Contrast this healthy, transparent attitude with the 1995 diktat by the SWP leadership - including Cliff, ironically - banning SWP members from certain sections of the internet. Justifying this monstrous move, it was explained that this global means of potentially anonymous debate might lead to the situation where others could "take part in discussions that do not concern them", perhaps over the character of the ex-USSR, the nature of the epoch, the lessons of Bolshevism or other such 'internal' matters that should only be the preserve of SWP tops (see Weekly Worker July 11 1996).

Cliff's untheorised comments in 1970 hint at a more profound understanding of the nature of 'party'. In turn, this points a route out of the sectarian impasse that halted the revolutionary left's progress for the most of the 20th century. As a matter of urgency therefore, the constitutional ban on permanent factions (article 9c of the SWP constitution) has to be overturned if the group is to develop in a healthy, revolutionary direction.

For, despite the continuing upbeat spin of the leadership, the new departure comes as a result of a failure of SWP perspectives. The world has not unfolded as predicted in the aftermath of the collapse of the USSR, or the election of Blair's New Labour three years ago.
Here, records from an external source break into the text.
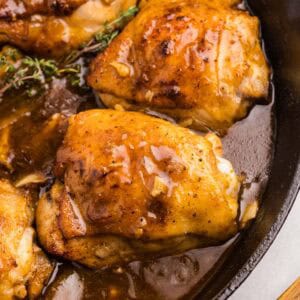 Close-up of chicken thighs in a skillet with rich sauce and herbs.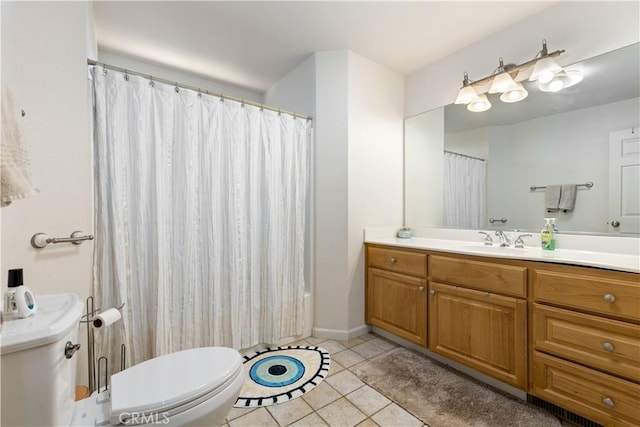 full bathroom featuring toilet, vanity, and tile patterned flooring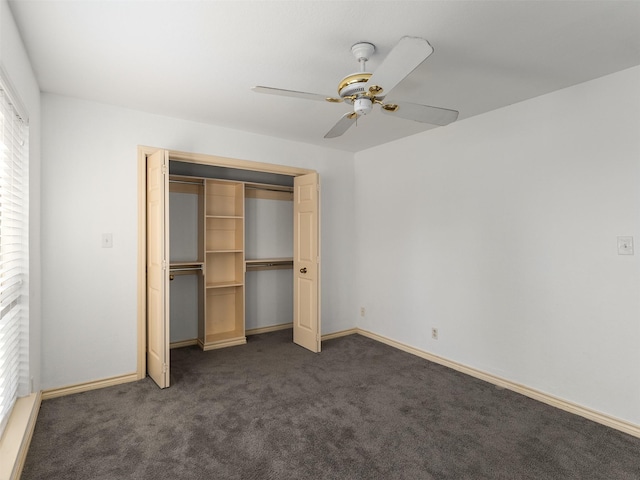 unfurnished bedroom featuring ceiling fan, a closet, and dark colored carpet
Partially recognising this, leading SWPers have spoken of the need to get more 'political', of the fact that simmering discontent cannot be automatically expected to seek expression through workplace upheavals. Thus, the turn to elections.

There are big dangers, however. The undercurrent in mainstream society remains strongly to the right. Having frightened its members off electoral contests for years by warning darkly of a slippery slope to reformism, the SWP now risks beginning the slide itself. This instability is exacerbated by its lack of a programme by which an informed membership could hold the leadership majority to account. Like much in the group's history, this new turn was simply announced with no preceding debate or struggle. The lack of substantive internal democracy has produced a rank and file that is largely atomised, rote-educated and often confused.

Thus, the fight for genuine democratic centralism, for a healthy open regime in today's SWP, is an urgent corrective to these rightist pressures. The working class needs a mass, revolutionary party. Without democracy and openness, the SWP could constitute itself as a barrier to the achievement of such a body.

With it, it will surely form an important element of its core.